__Task goal__
Below are lines of records; copy exactly those from the one containing "旅馆 Pousada Lua" through the one containing "Used Wuling Hongguang", leaving the pictures behind.

__Data for this task__

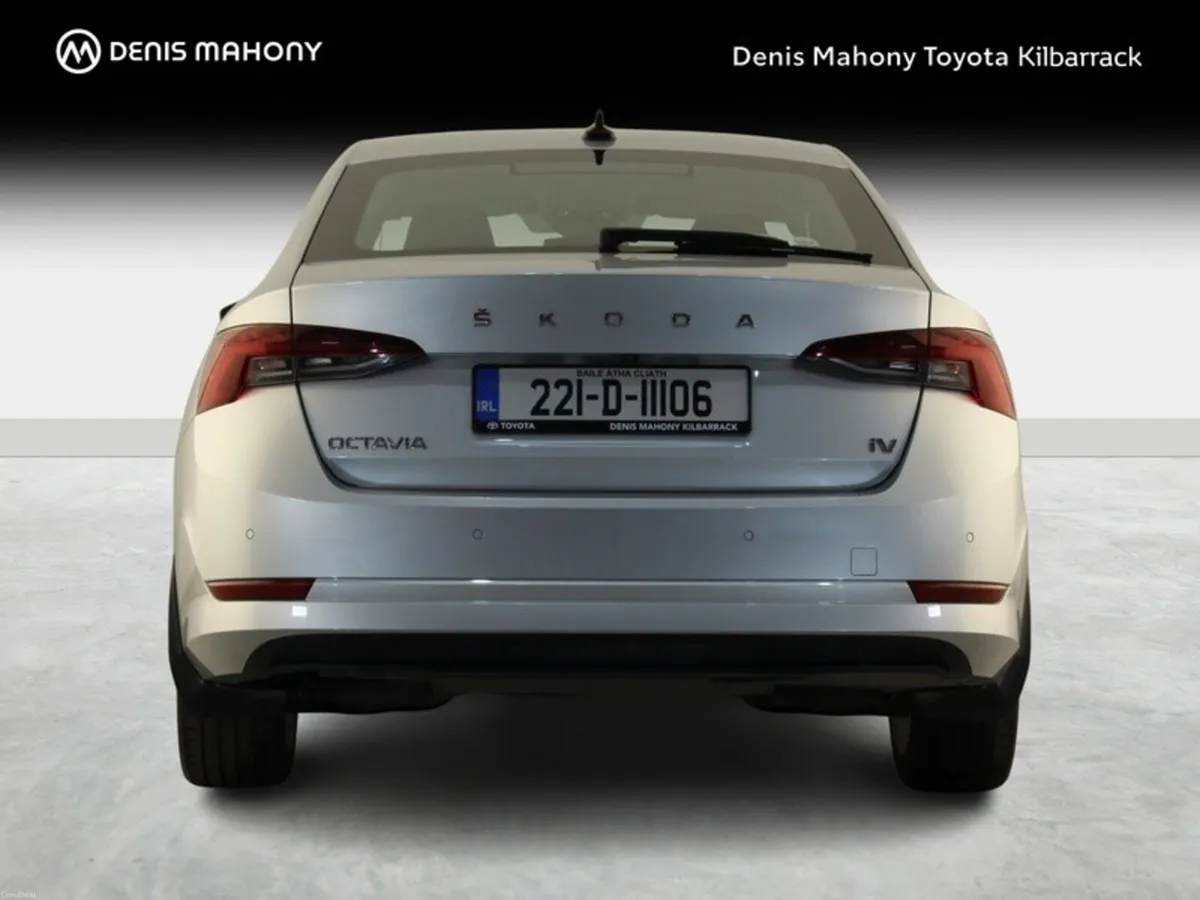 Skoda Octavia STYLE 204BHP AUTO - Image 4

...

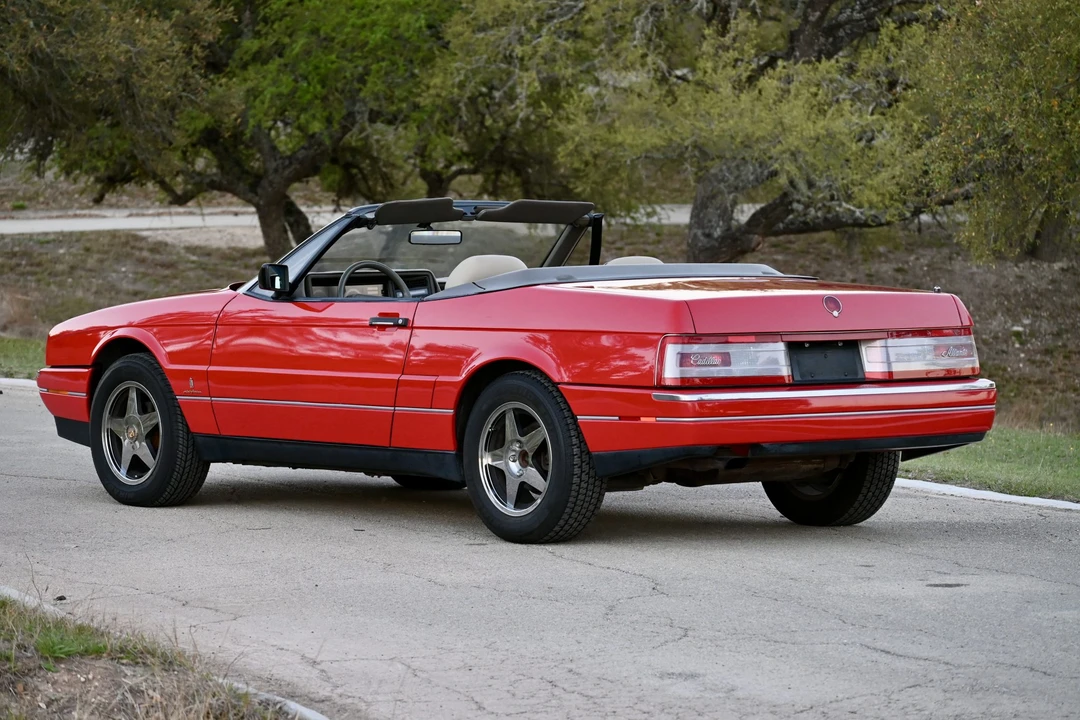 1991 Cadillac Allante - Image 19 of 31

* * *

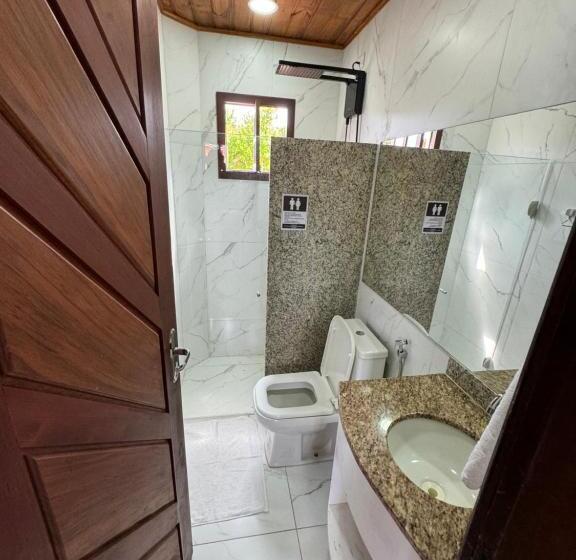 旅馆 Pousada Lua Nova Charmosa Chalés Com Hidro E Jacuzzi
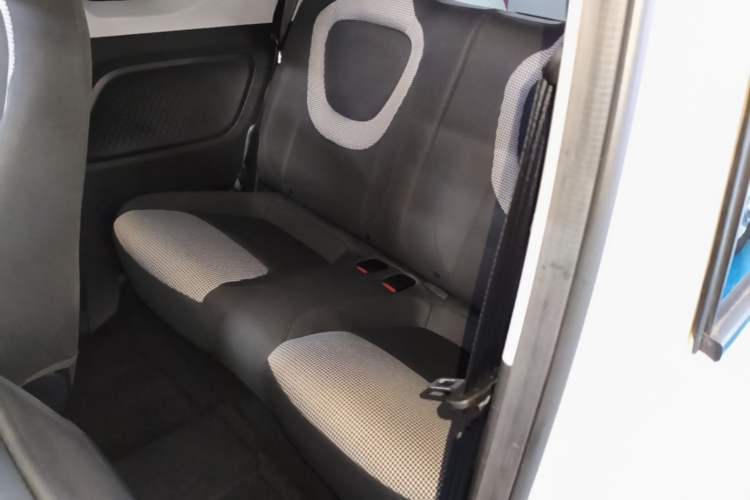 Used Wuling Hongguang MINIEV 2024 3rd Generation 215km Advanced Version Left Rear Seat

__Exercise result__
 旅馆 Pousada Lua Nova Charmosa Chalés Com Hidro E Jacuzzi
 Used Wuling Hongguang MINIEV 2024 3rd Generation 215km Advanced Version Left Rear Seat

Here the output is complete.